Japanese authorities raided the headquarters of a gaming arcade operator on Thursday as part of a bribery investigation centred on a governing party politician, local media reported, widening a scandal that could undermine government efforts to develop casinos.
The Tokyo-based firm was under investigation for possible ties to politician Tsukasa Akimoto, who was arrested on Wednesday on suspicion of accepting bribes when he oversaw the government's policy on casino development, broadcaster NHK said.
Without identifying the gaming company that was raided, NHK said its accounts were being scrutinised for any transactions involving Akimoto, who in the past served as a consultant for a firm that had dealings with the pachinko operator.
Pachinko, a cross between a slot machine and pinball, is a form of gambling and a national obsession, though the number of players is declining as younger generations prefer to play games on their mobile phones.

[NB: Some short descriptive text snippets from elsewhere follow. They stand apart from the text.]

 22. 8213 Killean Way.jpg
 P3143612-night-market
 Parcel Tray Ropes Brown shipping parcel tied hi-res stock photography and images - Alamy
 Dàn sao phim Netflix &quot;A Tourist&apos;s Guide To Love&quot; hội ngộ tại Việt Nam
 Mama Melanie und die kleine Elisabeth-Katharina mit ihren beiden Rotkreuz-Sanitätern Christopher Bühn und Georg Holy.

Following Akimoto's high-profile arrest, Japanese media reported that prosecutors have been expanding their investigation into whether he accepted cash and gifts from 500.com, an online gambling operator based in China interested in developing a casino in Japan.
Prosecutors have not named the company.
Akimoto is accused of receiving about 3 million yen ($27,384) in cash and a family holiday from officials at 500.com's Japanese subsidiary, according to media reports. He has denied any wrongdoing.
The company did not respond to multiple requests for comment, the Reuters News Agency reported.
Prosecutors have arrested three other people suspected of bribery and raided the offices of two other ruling Liberal Democratic Party (LDP) politicians in connection with the case, media reported.
While Japan's top government spokesman insisted that Akimoto's arrest would not delay its plans to develop three casino resorts, the investigation will likely raise questions about the bidding process.
Laws to legalise casinos in Japan have been met with public opposition because of concerns about gambling addiction.
Las Vegas-style casino resorts are among Prime Minster Shinzo Abe's plans to attract foreign tourists.
Japan, which has a shrinking population and economy, is desperate to maintain growth in tourism, particularly after the Tokyo Olympics next year.
Some analysts have said the casino market could be worth about $20bn a year or more, thanks to an affluent population and the proximity to Asia's wealthy gamblers.
Analysts say Akimoto's arrest may add to the negative images that many Japanese people have of casinos, and also weigh on Abe, who is fighting allegations of using party funds to entertain supporters, lowering his public approval rating.